This was His spiritual death. While being judged in our place, His humanity was separated from God the Father and God the Holy Spirit. It was His substitutionary spiritual death that was efficacious for our salvation.
We know that he was physically alive while being judged because He kept screaming, "My God (the Father), my God (the Holy Spirit), why hast thou forsaken me?" He was quoting Psalm 22:1 where the verb in the imperfect tense indicates that He shouted this over and over again. Christ was forsaken because " ...he(the Father)hath made him(Christ)to be sin for us, who knew no sin; that we might be made the righteousness of God in him"
When His spiritual death was complete, Jesus Christ shouted, "Tetelestai!" - the perfect tense meaning, "it is finished in the pasty with results that go on forever!"
Note that our Lord was still speaking after salvation was completed. Obviously He could not have spoken if He were physically dead! And certainly if He was still physically alive on the Cross after salvation was complete, His physical death could have nothing whatever to do with the payment for sin!

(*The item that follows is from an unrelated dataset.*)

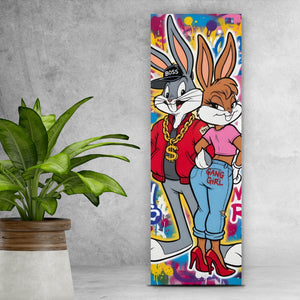 Spannrahmenbild Reiche Hasengang Graffiti Panorama Hoch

He died physically by His own volition- no one took His life! His work on the earth was finished, the Father's Plan called for Him to depart and He dismissed His own spirit.
source: The Blood of Christ by R.B.Thieme Pastor of Barachah church in Texas. Dallas Theological Seminary Summa Cum Laude. Nine years of Greek and five years of Hebrew. Now teaching isagogical,categorical and exegetical teaching of the Word of God.
Jesus is the perfect sacrifice prefigured in the Passover. There were four cups in the ritual. The third was the Todah (thanksgiving or Eucharista in Greek) offering of bread and wine. Jesus gave us His Body and His Blood as the passover lamb. In Jewish tradition, in the days of the Messiah, only the Todah offering would continue... and it does at every celebration of the Eucharist.
The fourth cup is the cup of consummation. Jesus, acting as priest and sacrifice on the cross completed the passover sacrifice with the drinking from the sponge. He then said, "It is finished." and gave up His Spirit in death.
John 19:30 Therefore when Jesus had received the sour wine, He said, " It is finished!" And He bowed His head and gave up His Spirit.
It is no more complicated than what is written in the text of Scripture. Your theologian went through some amazing theological gymnastics to avoid the 2,000 year old Catholic understanding... because obviously anything the Catholics believe must be wrong...
Maybe Jesus spoke those words (repeatedly? Where does the Bible say that?) because He had emptied Himself of His Divinity to experinence in His human nature the consequence of sin.